The Department of Justice announced Saturday that it has initiated the process of banning bump stocks through a change in how firearms laws are interpreted by federal regulators.
In a notice submitted to the Office of Management and Budget, the DOJ recommended the definition of “machine gun” in the National Firearms Act and Gun Control Act be expanded to include bump stock type devices.
Such a change would reverse a 2010 decision by the Bureau of Alcohol, Tobacco, Firearms and Explosives (ATF) that found bump stocks did not qualify as machine guns and could not be regulated without an amendment to existing firearms law or the passage of a new one.
The notice was expected after President Donald Trump ordered the DOJ to explore a ban on bump stocks in the wake of the mass shooting that killed 17 people at a Florida high school in February.

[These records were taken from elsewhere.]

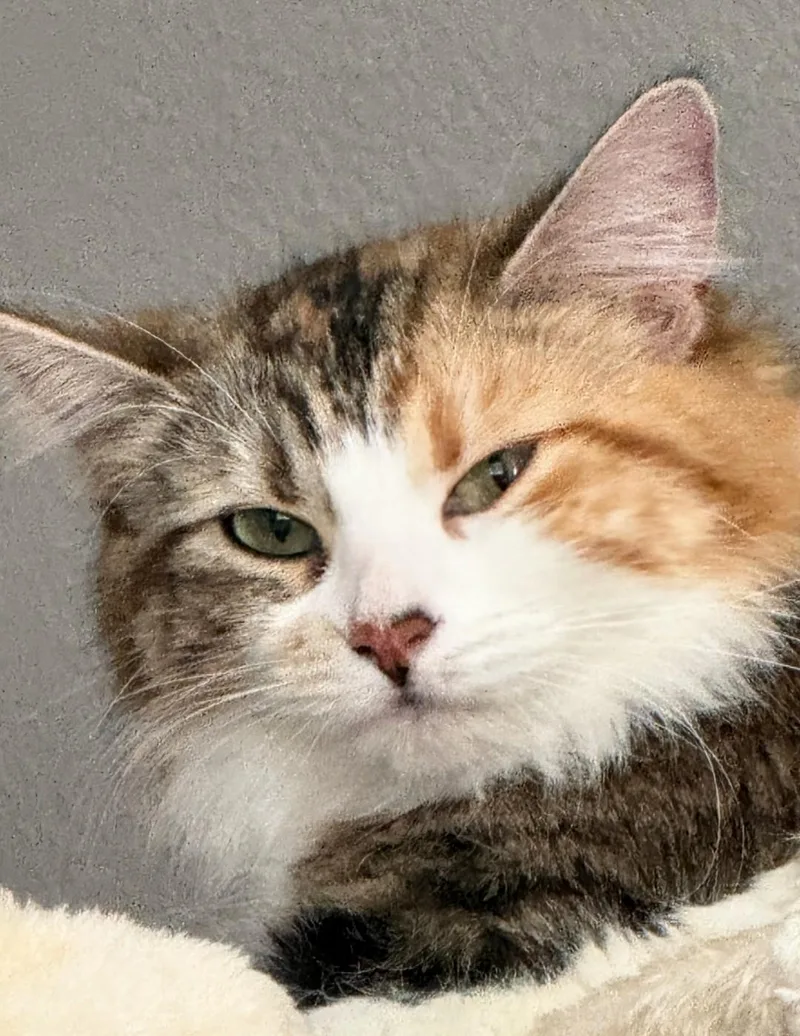 An adult medium-sized female Calico Domestic Medium Hair cat named Honey Rancho Cucamonga for adoption in Yorba Linda, CA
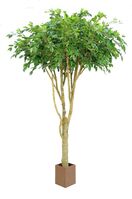 Artificial Silk Ficus Tree Natural Trunk - 220cm, Green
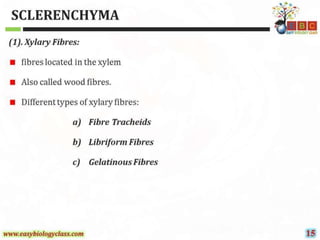 Sclerenchyma-Structure-and-Classification-PPT-by-Easybiologyclass.pptx
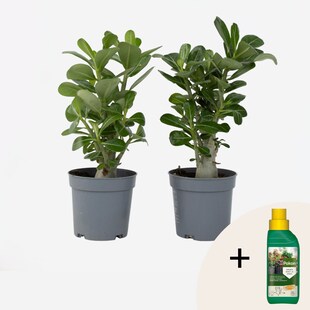 Plant in a Box - Wüstenrose - 2 Stk - Adenium obesum - Höhe 25-40cm - Topf 11cm 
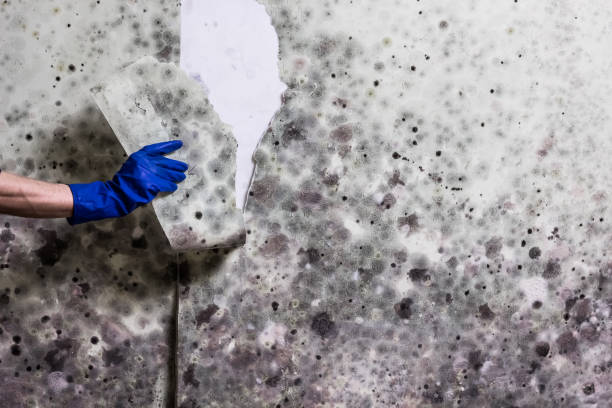 Best Water Damage Restoration  in Listoga, CA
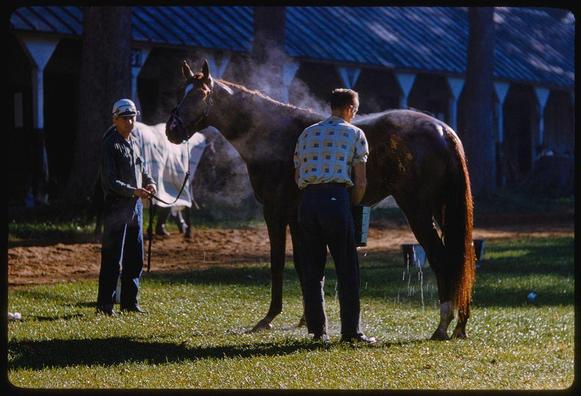 two men are standing on a grassy field with a brown horse in between them. one of the men has his eyes closed, and is holding what appears to be a hose or pipe that's spraying water onto the backside of the horse while another man looks at him; he's wearing sunglasses and looking into something off-camera. behind these two figures are several other horses with blankets on their backs standing in an enclosure under some trees.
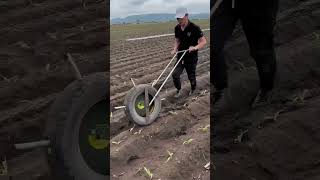 See How This Unique Fertilizer Spreader Made from Old Tires Works for Corn [upl. by Saul615]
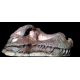 Tyrannosaurus rex 1/3 scale, Sue, skull in the matrix
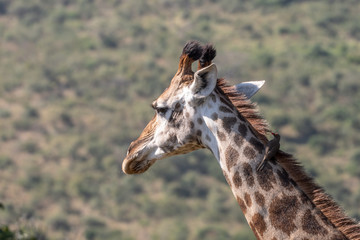 A giraffe with an ox-pecker bird perched on its neck.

“President Trump is absolutely committed to ensuring the safety and security of every American and he has directed us to propose a regulation addressing bump stocks,” Attorney General Jeff Sessions said in a statement. “To that end, the Department of Justice has submitted to the Office of Management and Budget a notice of a proposed regulation to clarify that the National Firearms and Gun Control Act defines ‘machinegun’ to include bump stock type devices.”
Bump stocks, a detachable accessory that increases the rate of fire on semi-automatic rifles, gained notoriety after the Las Vegas massacre in October, the deadliest shooting in U.S. history. The shooter placed bump stocks on several of the rifles he used in the attack, though it is not clear how many of the more than 1,000 rounds he fired came from those guns.
A push by lawmakers to ban bump stocks failed in the aftermath of the Las Vegas incident, but the Florida school shooting turned up the pressure on the Trump administration to address the matter through regulation. Saturday’s notice still has to be approved by the Office of Management and Budget before the regulation can be published in the Federal Register.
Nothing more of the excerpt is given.